Do the mashed potatuh ?

Do the mashed potat-uh?

Anyway, to the task in hand: music. Firstly, Shazam is an app that my iPhone chums have been telling me about for some time, and now it’s available for Nokia handsets in the Ovi Store. The idea behind Shazam is a simple one: it listens to a piece of music for you for about 20 seconds, then does a database lookup and tells you what the music is, often also showing you the cover art of the album or track.

Shazam is clever, I can tell you that. I wanted to be able to find something that would make it fail, but it is really, really good. It effortlessly dealt with Beth Orton; Glenn Miller; The Muppets; Crowded House; Talk Talk; Elbow; Radiohead; The Libertines; Beck and Bloc Party. I couldn’t fool it with Sigur Ros, Vib Gyor, Tom Lehrer, or even William Shatner’s extraordinary interpretation of “Lucy in the Sky with Diamonds”. Sting capered nimbly in a lady’s chamber to the lascivious pleasing of a lute; Shazam was not fooled. The Bonzo Dog Doodah Band were cornered; The Used appealed to Emo sensibilities, and still Shazam won through. I even tried a few orchestral pieces, which weirdly always identified the artist as “The City of Prague Philharmonic”. Other than a recording of “Carols from Kings”, I can’t remember anything that wasn’t identified; it is incredible.

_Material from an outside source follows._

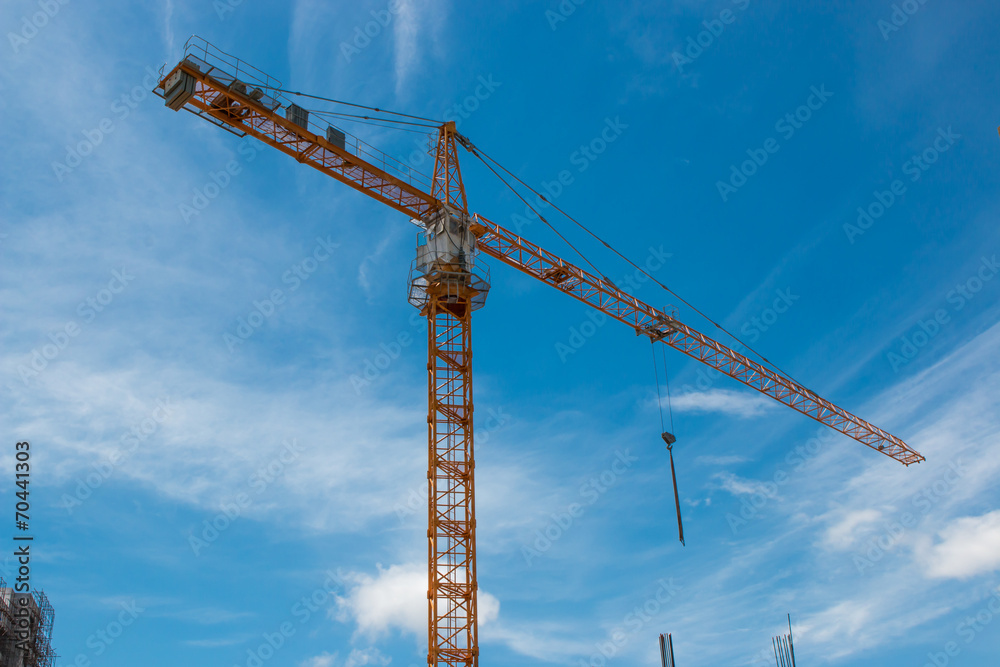 building and crane under construction against blue sky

You need never be curious again when you want to know what a piece of music is called. Record some audio off the telly, and you will soon know that “that iPod music” is by The Fratellis, or if you care enough I’m sure it will be able to tell you the tunes on the T-Mobile ad, where rail commuters start inexplicably dancing.

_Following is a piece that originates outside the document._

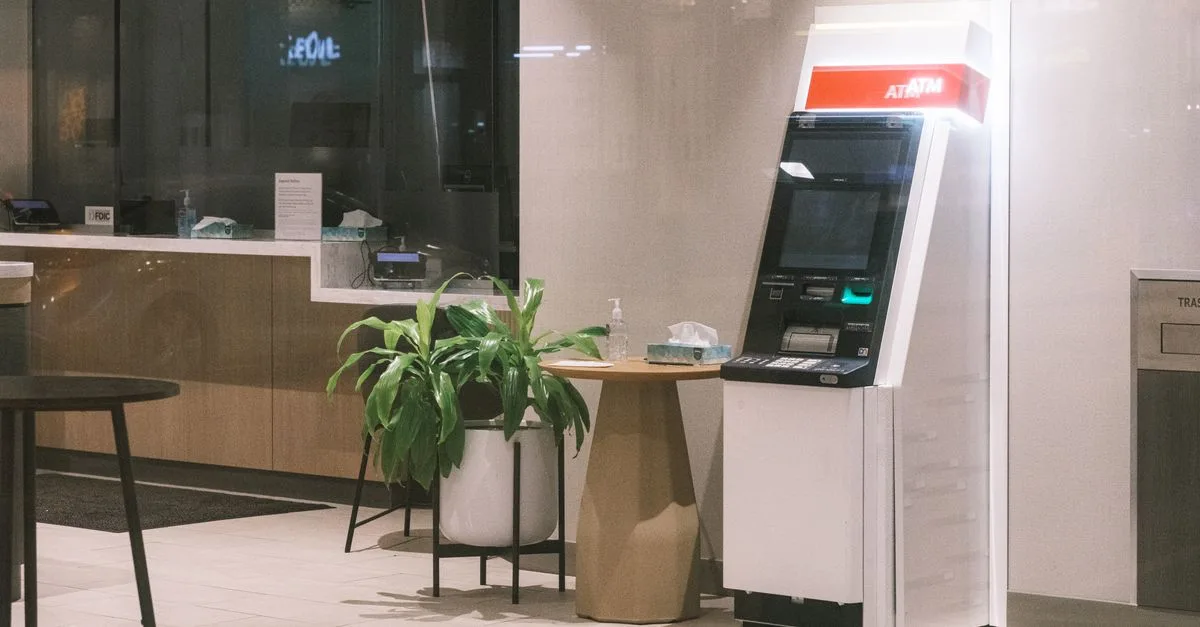 An ATM machine stands in a modern bank lobby, next to a plant and table.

As comic aficionados will tell you, “Shazam” is the word that Billy Batson would call out to magically transform into Captain Marvel.  I’m hoping that Shazam.com have already cleared the use of the name with DC Comics/Marvel, as I’d hate to see the legal big guns of Disney come to bear on them.

Midomi Listens

Midomi Listens

Also nestling in the Ovi Store is an app called Midomi, which has a similar function to Shazam. It listens for 20 sec, then looks up the music. I should say that both Midomi and Shazam need a data connection: both apps are doing an online lookup to identify the music.

Spookily, Midomi seems to be using some of the same database, since the “City of Prague Philharmonic” also came up when identifying orchestral pieces with Midomi. Like Shazam, Midomi is a very capable music detector app. I thought possibly it was a little less sensitive than Shazam, and I ended up holding the mic a bit closer to the music source for correct identification. The rate of positive identification of tracks is extremely high.

One really great thing about Midomi though, it that it doesn’t mind if you sing the tune yourself. Shazam gives the on-screen advice “Don’t try to sing or hum the music”. At least, I’m assuming it will give you this advice too, and it wasn’t just a discouragement for me personally?

Just try to imagine me singing this one

Just try to imagine me singing this one

Midomi’s hit rate for self-sung songs was good , considering what a technical challenge this is. My karaoke services have never been in high demand, and I don’t guarantee to be able to sing all of the right notes, never mind precisely in the right key. I did get one erroneous detection of “Paul McCartney”, which was pretty obviously a low point for me. It did also transform “Love lift us up where we belong” into “Elephant Love Medley” by Nicole Kidman. Elephant Love songs could be the next big thing. Rap is dead.

In summary, both Shazam and Midomi, I can recommend thoroughly. Shazam is available in iPhone, Blackberry, Android and Nokia format; it is free on the Ovi Store until the end of November. Midomi is available for Nokia and iPhone, also free on Ovi Store.